WORK REQUIRED
Using only the entries below, output the lines starting at the one containing "Yeniden gündeme geldi: Messi" and ending at the one containing "Ножевой блок Oster", exactly and inclusive of both, omitting the pictures.

Captioned web images:
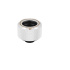 Thermaltake Fitting Pacific C-Pro G1/4 PETG 16mm OD Compression - White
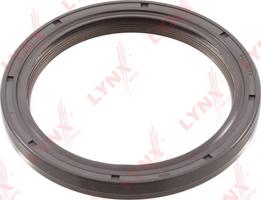 LYNXauto SO-0243 - Shaft Seal, crankshaft autospares.lv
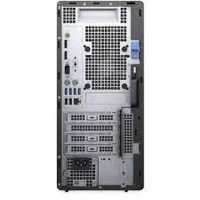 компьютер Dell OptiPlex 7080 Tower 7080-6475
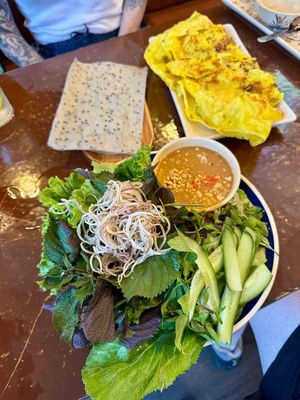  at Nhà Hàng Chay Tathata - Vegan Restaurant in Da Nang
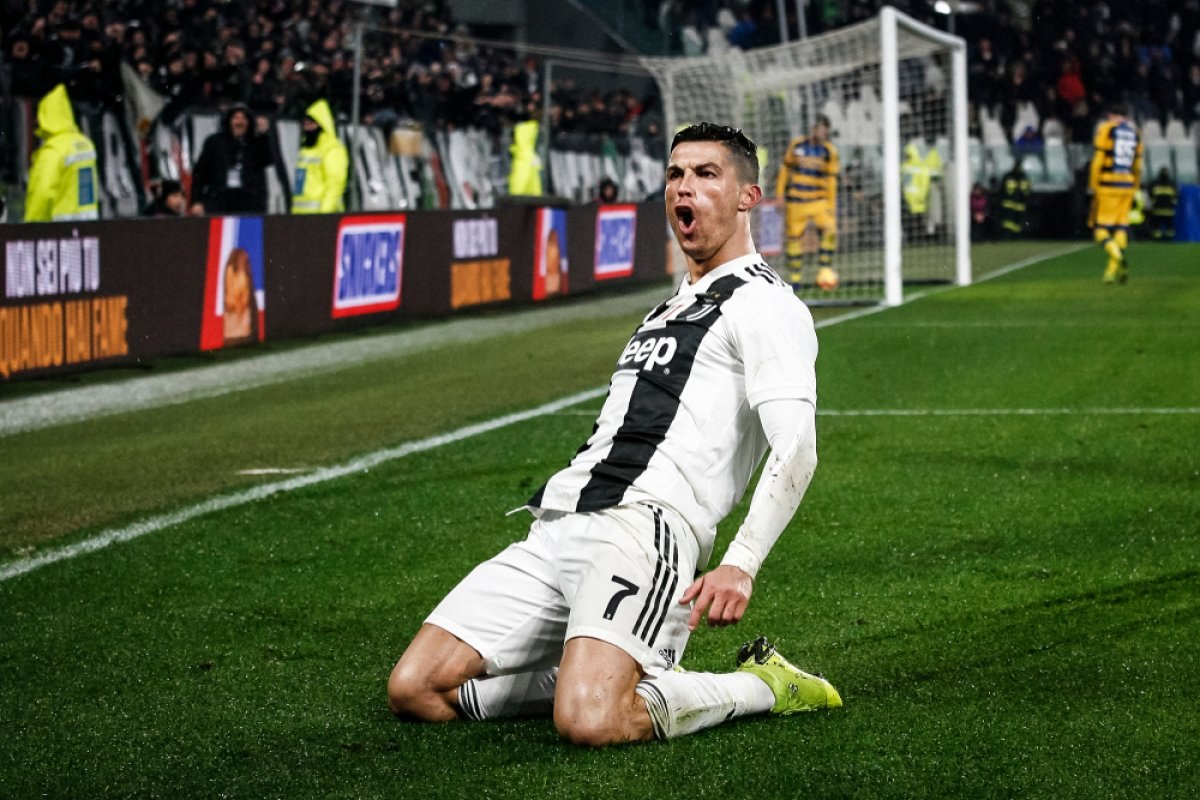 Yeniden gündeme geldi: Messi ve Ronaldo'ya neden G.O.A.T. deniliyor, açılımı nedir?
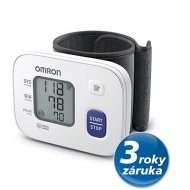 Omron RS4 - cena, porovnanie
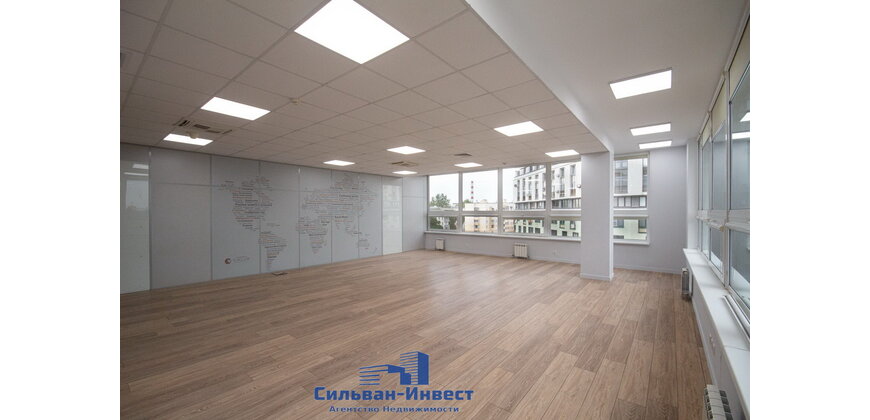 Аренда административных помещений в удобной локации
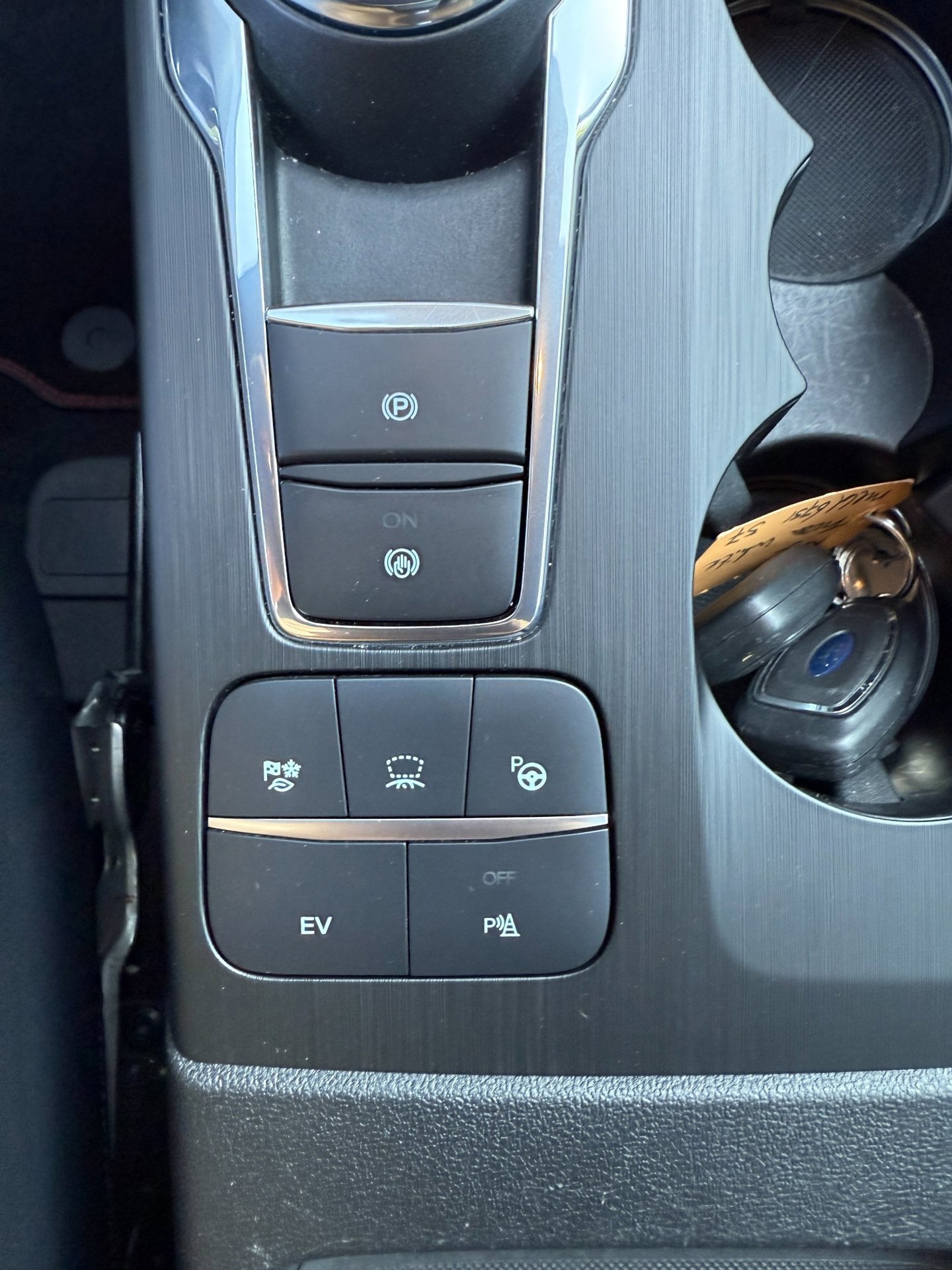 Ford Kuga 2.5 225pk PHEV ST-Line X AGR (2023), foto 23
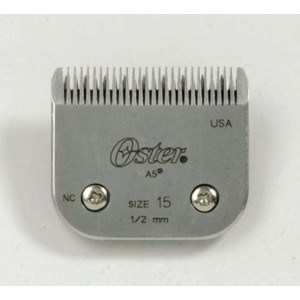

Ножевой блок Oster Cryogen-X для Oster A5, А6 №15 1,2мм, Cryogen-X для Oster A5, А6 №15 1,2мм
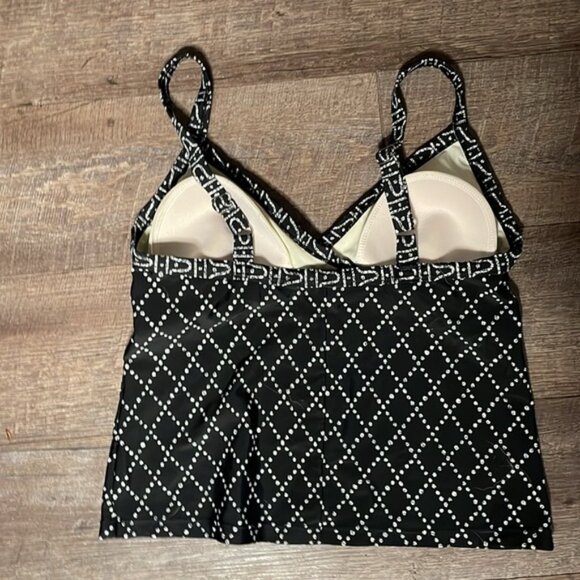 Christina tankini top - Picture 3 of 3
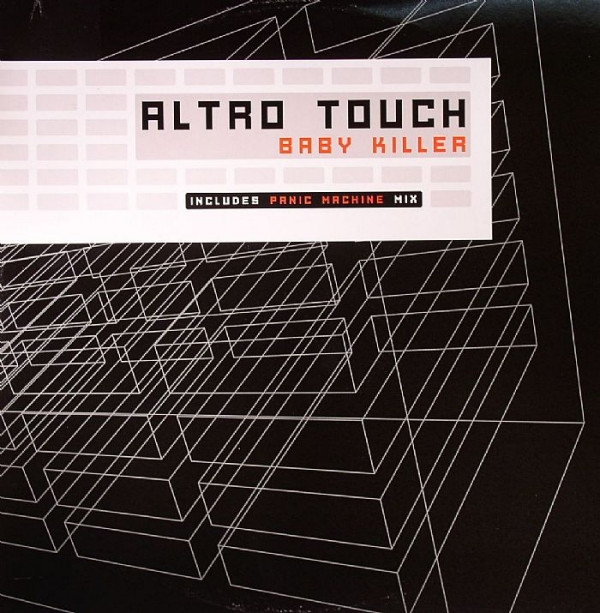 ladda ner album Altro Touch - Baby Killer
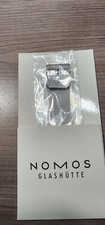 Authentic Nomos Glashutte 20mm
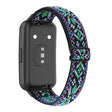 Mega Dobry Huawei Band 7 Skóra Naturalna Pasek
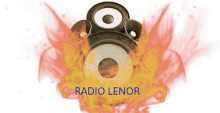 Lenorradio GIF - Lenorradio GIFs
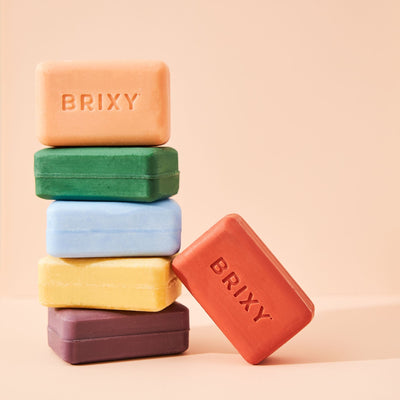 Body Wash Bars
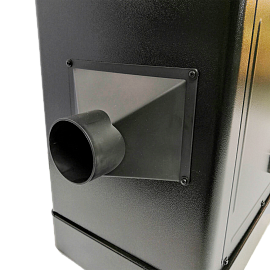 картинка WARRIOR  W0102  230В Фуговальный станок от HARVEY-RUS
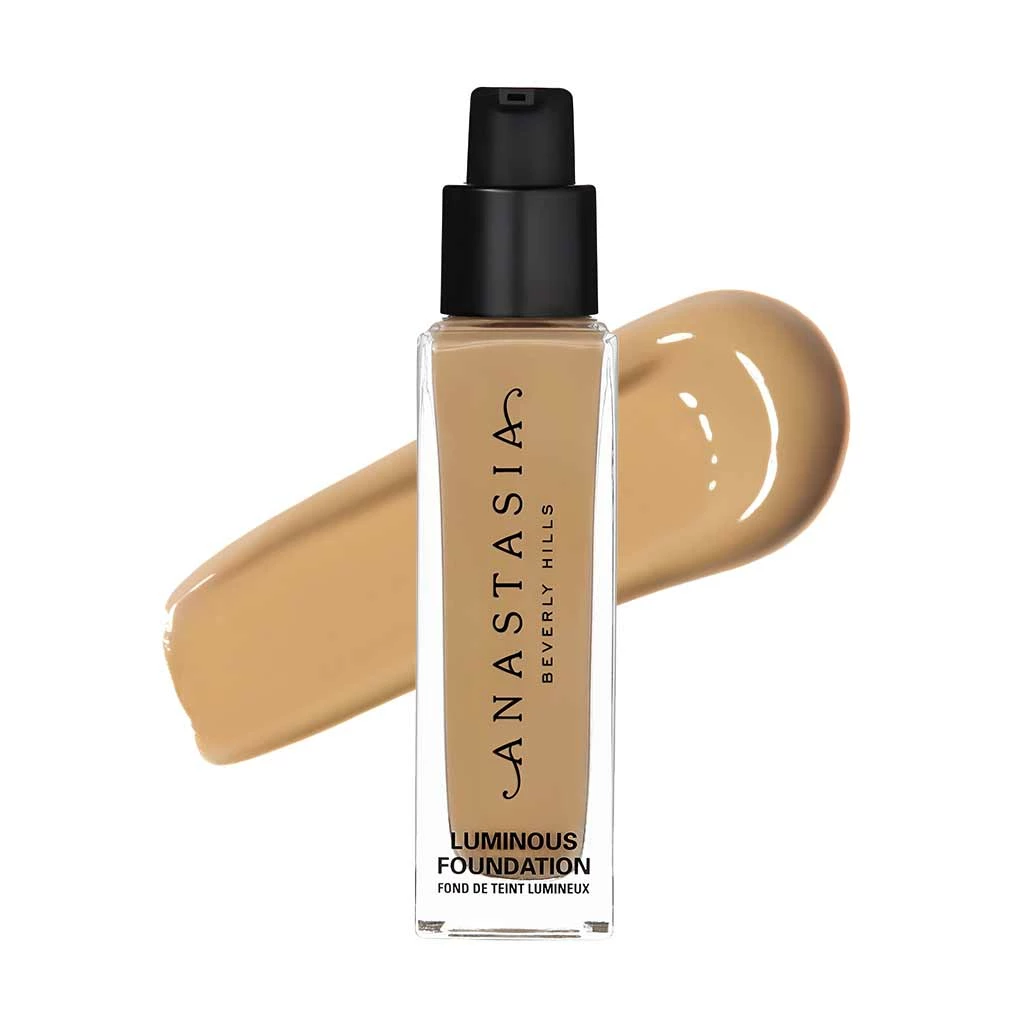 Anastasia Beverly Hills Makeup LUMINOUS FOUNDATION 21 Anastasia Beverly Hills Makeup LUMINOUS FOUNDATION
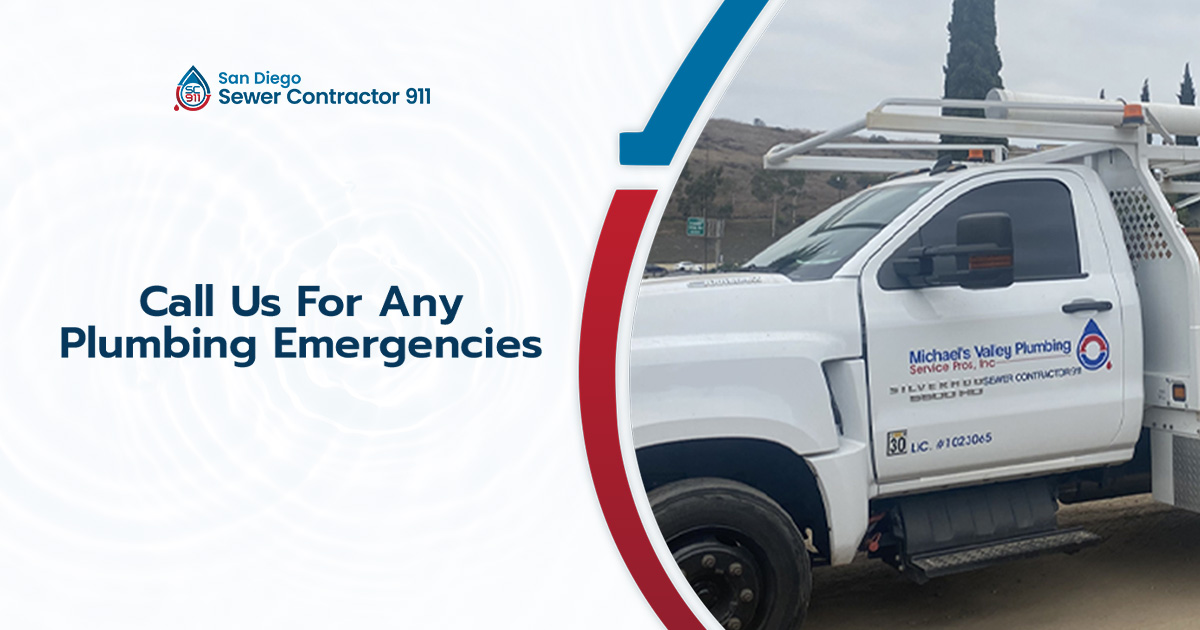 Sewer Contractors 911 logo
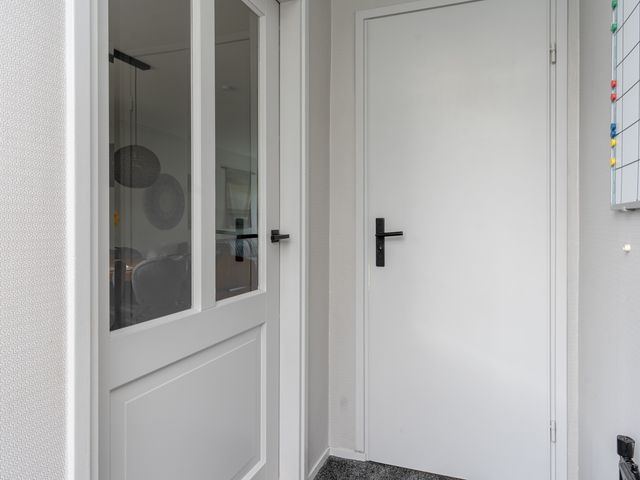 Meerkoetstraat 56, Ermelo
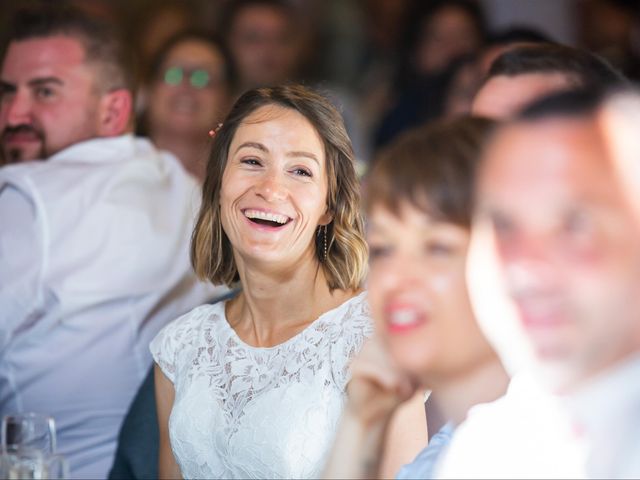 Le mariage de Bertrand et Claire à Basse-Goulaine, Loire Atlantique 137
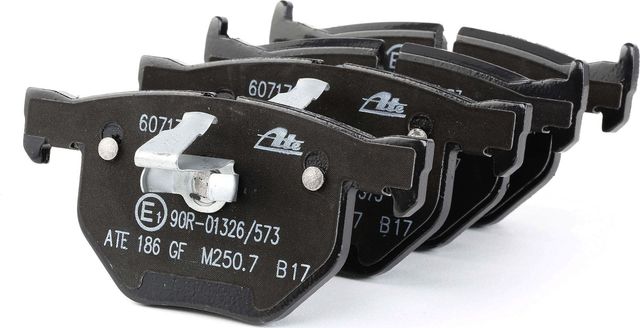 Тормозные колодки ATE. Артикул 13.0460-7174.2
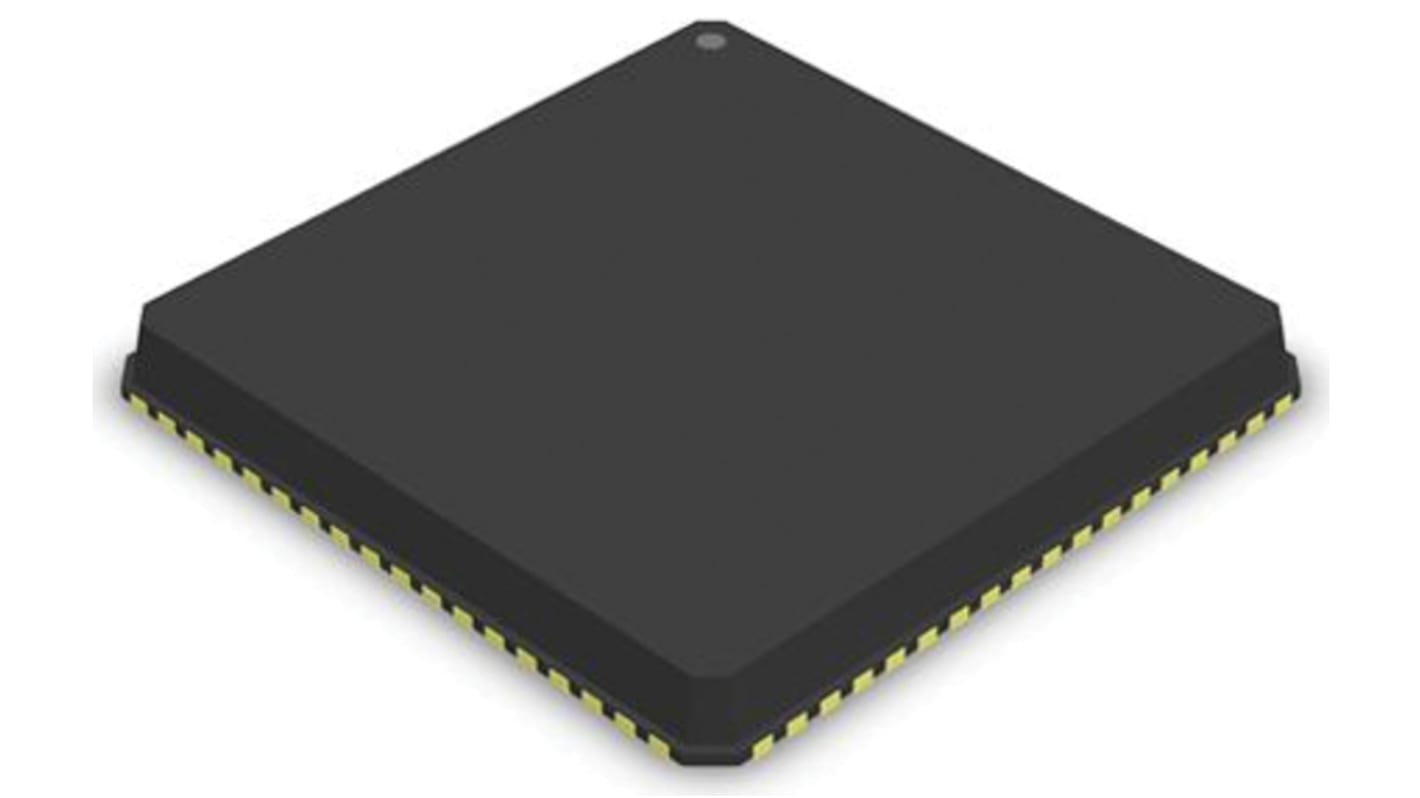 Silicon Labs Si53019-A02AGM PLL Clock Buffer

ANSWER TO THIS PROBLEM
 Yeniden gündeme geldi: Messi ve Ronaldo'ya neden G.O.A.T. deniliyor, açılımı nedir?
 Omron RS4 - cena, porovnanie
 Аренда административных помещений в удобной локации
 Ford Kuga 2.5 225pk PHEV ST-Line X AGR (2023), foto 23

Ножевой блок Oster Cryogen-X для Oster A5, А6 №15 1,2мм, Cryogen-X для Oster A5, А6 №15 1,2мм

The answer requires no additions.